Barszcz czerwony
Ostatni weekend był pełen spotkań przed świątecznych z przyjaciółmi. Na jedno z takich spotkań postanowiłam zrobić pierwszy raz w życiu barszcz czerwony. Wszyscy zachwalali:) jestem zaskoczona bo naprawdę wyszedł dobry. Oczywiście gdyby nie pomoc mojej mamy nie byłoby mowy o tak wspaniałym rezultacie:)
Potrzebujemy:
4 buraki
1/2 szklanki zakwasu z buraków
1 kostka rosołowa
2 łyżki cukru
sól
pieprz
Mama powiedziała mi, że jej zdaniem najlepszy barszcz to taki który zdobędzie całą swoją esencję z buraka.

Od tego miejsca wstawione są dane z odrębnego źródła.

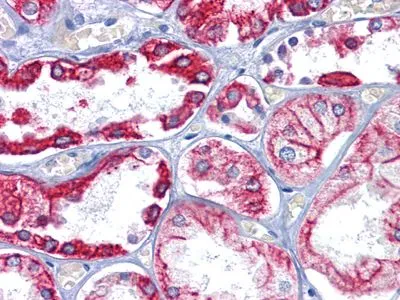 IHC-P analysis of human Kidney tissue using GTX83140 Cytokeratin 8 antibody [8A5D12].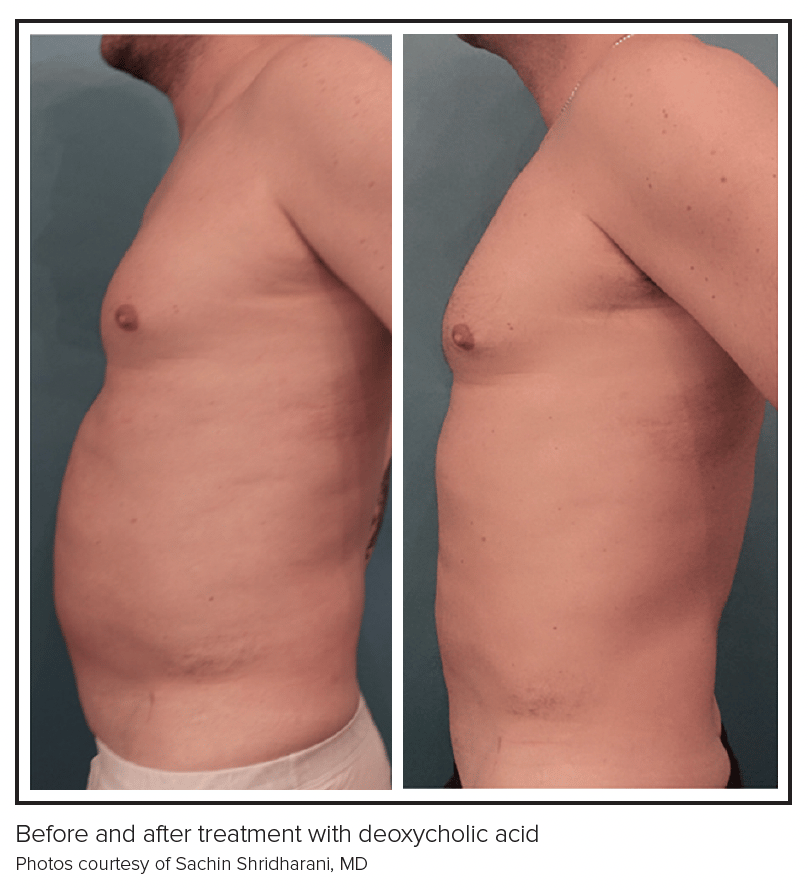 post semaglutide body contouring boston Body Shaping 2024: The Rise of Semaglutide post semaglutide body contouring boston Body Shaping 2024: The Rise of Semaglutide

Tak też zrobiłam. Buraki obieramy i ścieramy na tarce na grubych oczkach. Zalewamy zimną wodą i stawiamy na gaz. Jak tylko woda się zagotuje zdejmujemy buraki z gazu i odlewamy esencję z buraków do innego garnka. Pozostałe buraki zalewamy ponownie ziemną wodą i stawiamy ponownie na gaz. Ważne jest by nie zagotować buraków bo barszcz będzie mętny i kwaśny. Powtarzamy czynność z odlewaniem z buraków wody. W ten sposób uzyskujemy prawdziwą, piękną w kolorze wina esencję z buraków. Stawiamy na gaz. Dodajemy kostkę rosołową, zakwas z buraków jak i cukier. Doprawiamy do smaku jak kto lubi. Z zasady wydaje mi się, że lepiej smakuje jak jest pikantny:)
Barszcz podajemy z uszkami lub bez zależy jak lubicie:)
Bardzo ważne jest by gotowego barszczu też nie zagotować ponieważ jak się go zagotuje to straci swój kolor i będzie brunatny.